We are currently at my friends house which is about 15miles away so costing me a fortune and I am really struggling to afford having her so far away, Also we have now got a new livery and she is the owners best friend, I have been totally phased out and I am finding it very hard to work Star as there is always either someone in the school, Jumps out filling the whole school, I dont get invited on hacks (dont like going alone and dont know the area) and we now have next to no grass as tbh there is too many horses on the limited amount of land there is now.
My main interest is Star and tbh I am not happy right now and this does effect her as she needs to be working 6 days a week and she is dropping weight already because of the winter approaching and having no grass left I think is the main problem. Also all of their horses stay in all winter, I dont want her in all winter but she panics when goes out alone.

I am considering looking into renting my own land but to be honest have no clue on costs and anything else that may be included in renting some where.
I am sure there are good yards out there but I dont want to move her again and have the agro of not getting on at new place either!

Any advice would be much appreciated!!


----------



## flosskins

I reached exactly the same conclusion as you as I was fed up with being dictated to about what I could and couldn't do with my horses, and the yard owners best friends getting preferential treatment. at one yard I was at the yard owners friend decided she wanted my stable - hey presto I had to move to the smallest free stable with a leaky roof!

I found 2 acres of land to rent about 1 mile from my house in a pretty secure location, built stables on it (they don't have foundations or anything concrete so don't count as permenant structures, therefore no need for planning) but you can also buy mobile field shelters and stables online quite easily. I fenced it and love being there alone (there are other people renting other parts of the field but I don't have to have anything to do with them unless I want to) and really enjoy being able to turn out when I want, leave out when I want etc without my horses stressing or anybody having a go about it. 

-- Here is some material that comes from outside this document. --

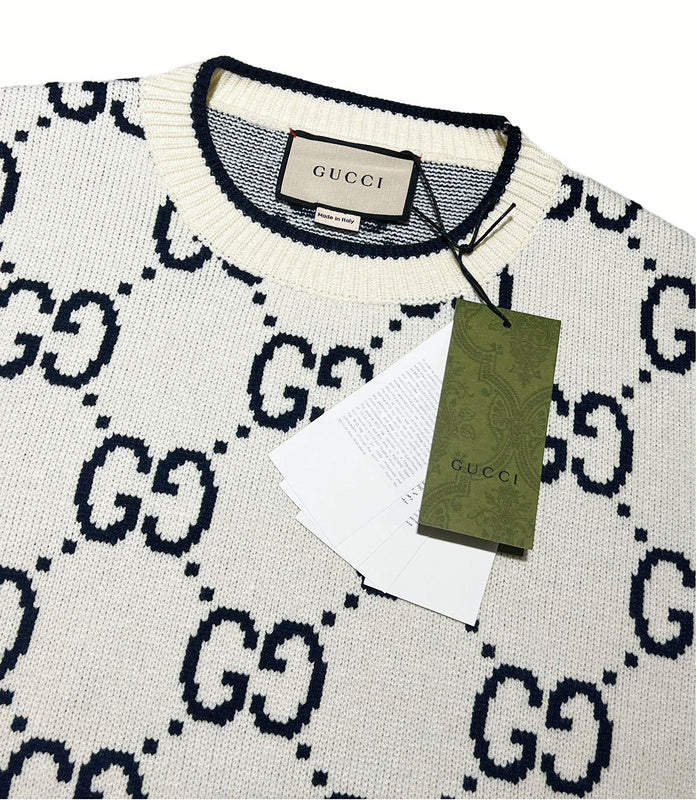 Close-up detail shot of Gucci luxury clothing with relaxed-fit cut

In this area you would expect to pay about £10 per week per acre, hopefully with water but probably not electricity (a few lights run perfectly well from a lorry battery) so I don't know if that would work for you as you may want a school and somebody to hack with but I knows its just right for me at the moment.


----------



## Melx

It is just ridiculous tbh! Since the new person arrived our feed/tack room has been changed into one of her stables so all of my stuff is outside my stable getting ruined, They both sorted out pallets for hay etc to go on and I wasnt even told about it and was having to carry it from the barn dailey. Everything has been changed and all our prior arrangements have changed and I moved there on the understanding of everything we had previously discussed and now that has changed.
I just dont like being told what to do with her as you say and every yard I have been to this has happened and it really does touch a nerve with me.
I am not a big fan of hacking tbh so all I want is a field to jump in, school or fenced off field area for flat work and a stable for night time! 
Also her being so far is worrying me now we are approaching winter! I want to know I can get to her if needed and if we have bad snow again I will never be able to get there for days!!

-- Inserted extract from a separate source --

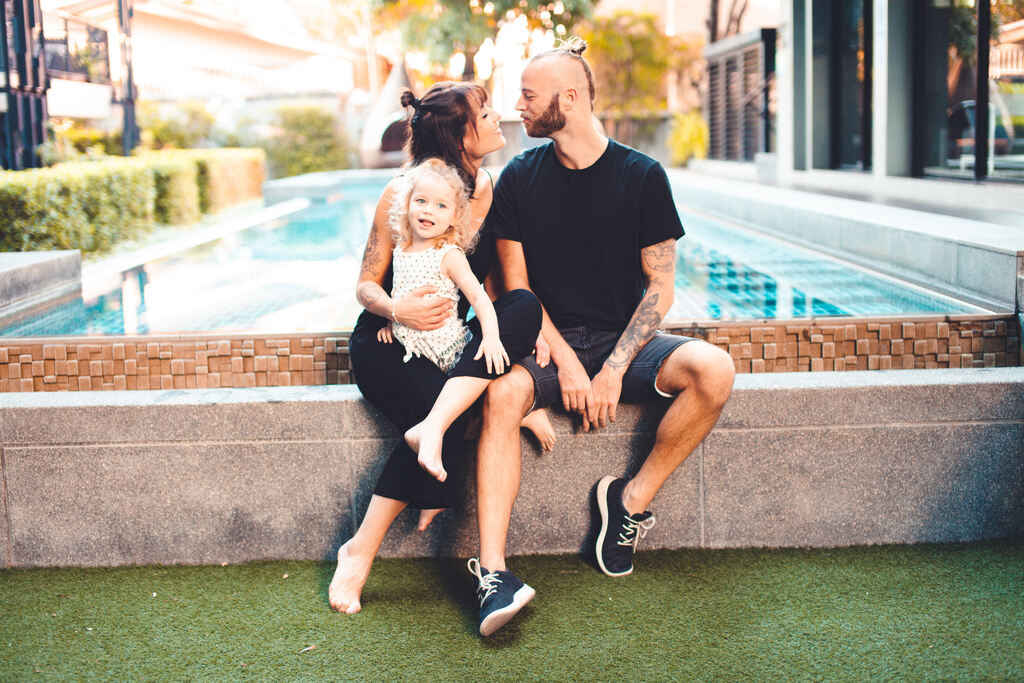 Family of three sitting at the edge of a pool, living in thailand with kids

I am paying so much on livery and also a fortune on petrol I am thinking it would be cheaper just to get a little yard and maybe have a livery there!


----------



## pamela Renfrew

Wow.... I am so lucky at my yard. There is over 25 acres of land. For 2 horses, 1 pony and my Lloyd.... There is a huge school with lights... All the stables are about 16 x 16.... so huge....All the haylage and hay you want... plenty of outbuildings for tack, feed, grooming etc...I can come and go as I please..... plenty of hacking around and only 20 mins by trailer to the beach.... All for £30 per week..... I also had a stable built at the side of my house last year so because of all the snow last winter, Lloyd was home for 5 months.....I have a little concrete yard and a 1/2 acre paddock which is adequate in the winter.... but at the end of the day they are herd animals and lloydy likes to be with his pals in the open fields.....Good luck in finding somewhere perfect for your little star..... Pamx


----------



## Melx

You are soooo lucky!! I pay £30 a week for stable, school and field! I had horses years a go and was at one yard only with no problems but this time around every where is so bitchy and so many rule and regs you dont know where to turn next!!
Yards around here are awful because it is all competition between people, whos horse is better, whos horse jumps highest, whos horse looks the best etc.
I am just the sort of owner who wants to have fun, end of!! Would love to be able to spend the whole day at the yard with the people there and messing around with the horses but verywhere I have been to it doesnt seem to be that friendly! grrr need to sort something!!


----------



## poshmog

Would'nt be happy about that ,after all you agreed certain things ,and surely it should be disccussed with you before its altered....well thats what I would do.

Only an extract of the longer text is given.